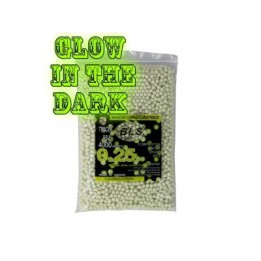 BLS TRACER – 0,25g 4000bb Pellets
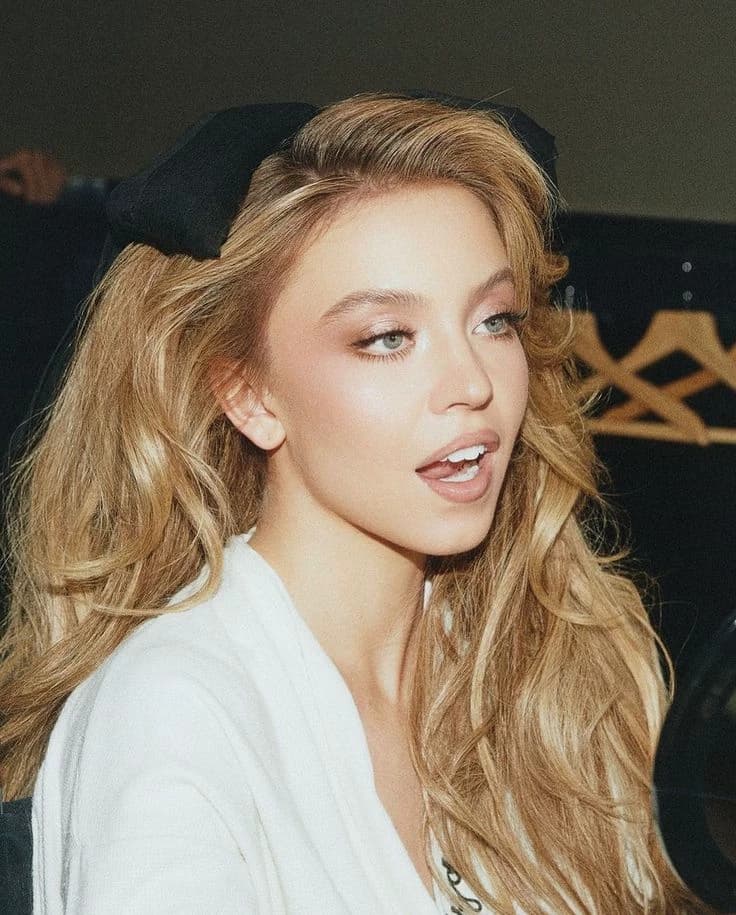 Sydney Sweeney thumbnail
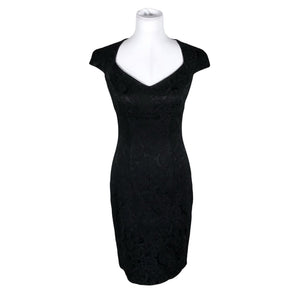 Unisex Andiata - Party dress, size 34 - Black (1)
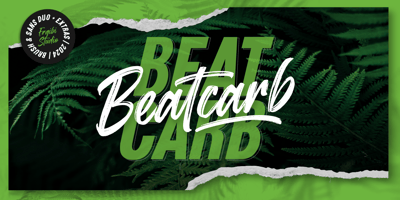 Beatcarb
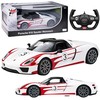 Rastar Nuotolinis automobilis 1:14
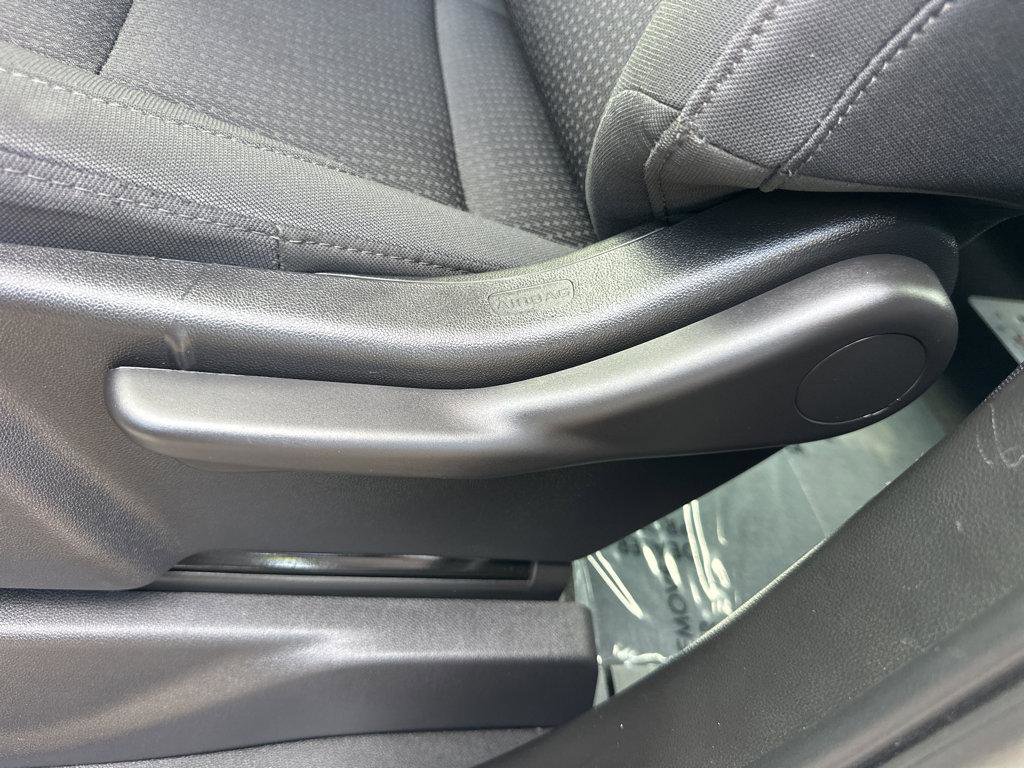 Used 2025 Chevrolet Silverado 2500 W/T w/ WT/CX Safety Package image 31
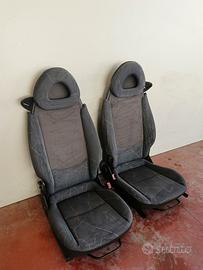 Sedili Smart 450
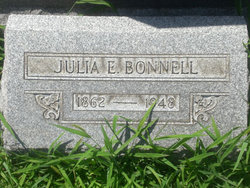 Julia Electra <I>Young</I> Bonnell 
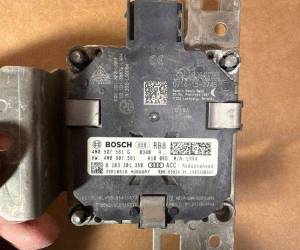 Дистроник Audi Q7 4M 2020 4M0907561G 0716153745 4N0907561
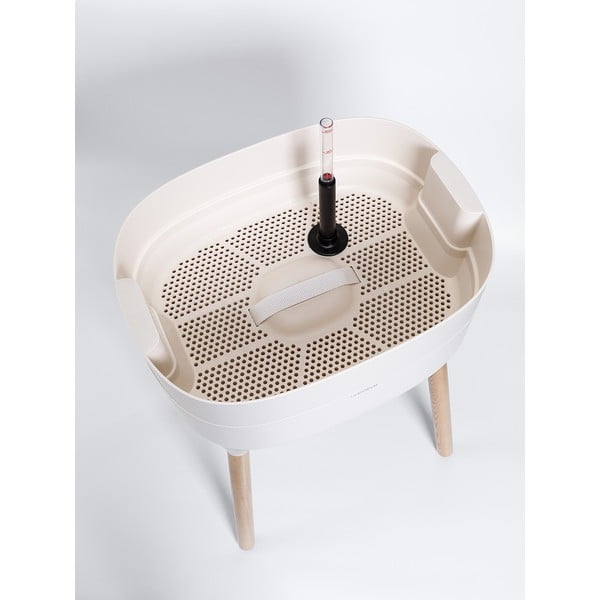 Plastična samozaljevajući žardinjera za cvijeće Urbalive – Plastia-image-4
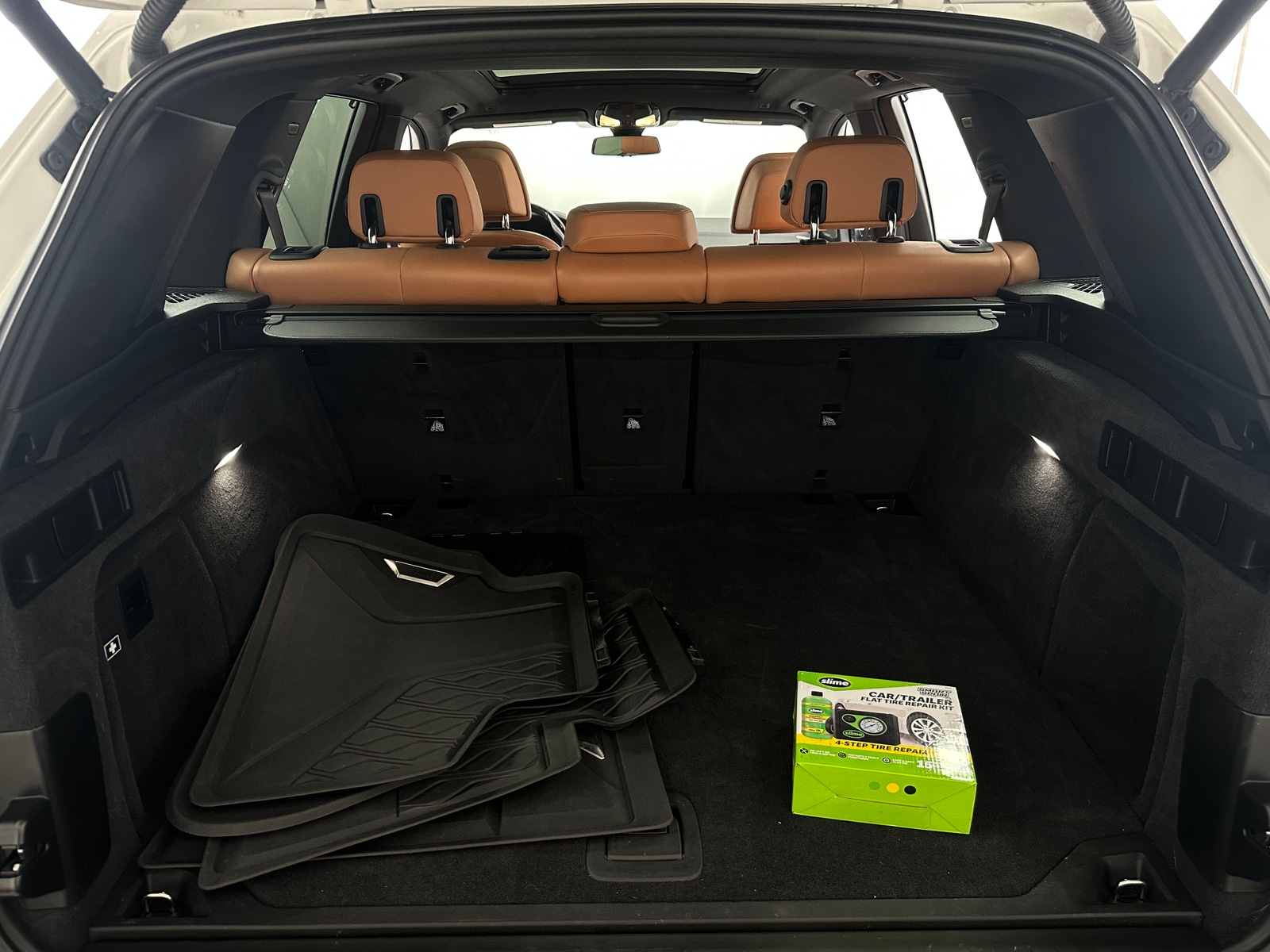 Thumbnail: 2019 BMW X5 - 6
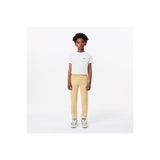 Lacoste Erkek Çocuk Krem Pantolon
============
_Task requirements_:
Since the pictures are not wanted, set down only the rest of each record, exactly as above.

_Answer to this task_:
 BLS TRACER – 0,25g 4000bb Pellets
 Sydney Sweeney thumbnail
 Unisex Andiata - Party dress, size 34 - Black (1)
 Beatcarb
 Rastar Nuotolinis automobilis 1:14
 Used 2025 Chevrolet Silverado 2500 W/T w/ WT/CX Safety Package image 31
 Sedili Smart 450
 Julia Electra <I>Young</I> Bonnell 
 Дистроник Audi Q7 4M 2020 4M0907561G 0716153745 4N0907561
 Plastična samozaljevajući žardinjera za cvijeće Urbalive – Plastia-image-4
 Thumbnail: 2019 BMW X5 - 6
 Lacoste Erkek Çocuk Krem Pantolon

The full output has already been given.